Extracted entries START

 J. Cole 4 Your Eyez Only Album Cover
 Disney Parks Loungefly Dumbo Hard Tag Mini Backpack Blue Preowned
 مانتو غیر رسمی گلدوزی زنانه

Extracted entries END
Extracted entries START

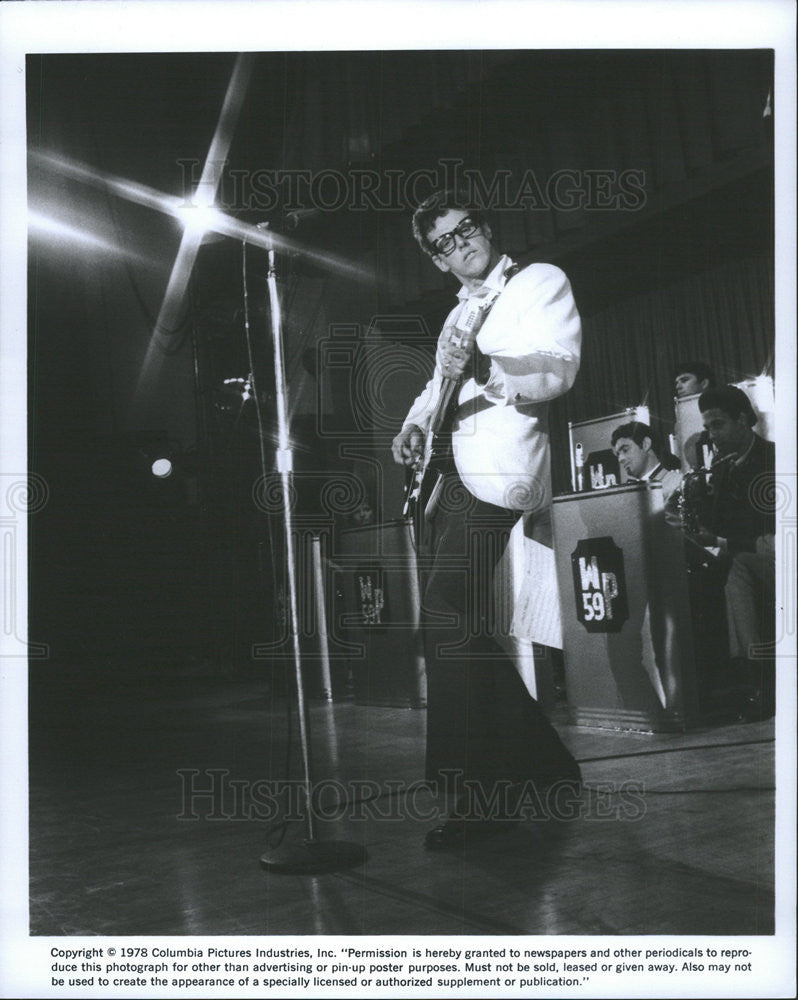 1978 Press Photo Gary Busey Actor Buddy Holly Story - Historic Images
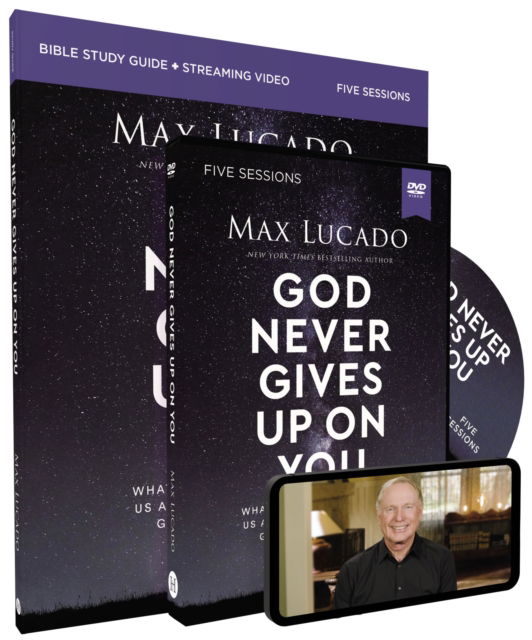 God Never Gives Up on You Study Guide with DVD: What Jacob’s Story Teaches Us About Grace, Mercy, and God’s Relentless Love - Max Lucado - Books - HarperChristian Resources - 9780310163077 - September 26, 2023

Extracted entries END

* Exercise:
Within the data above, the span starting at the line containing "Disney Parks Loungefly" and ending at the line containing "مانتو غیر رسمی گلدوزی زنانه" is to be retyped exactly, with no other lines.

* Reply to the task:
 Disney Parks Loungefly Dumbo Hard Tag Mini Backpack Blue Preowned
 مانتو غیر رسمی گلدوزی زنانه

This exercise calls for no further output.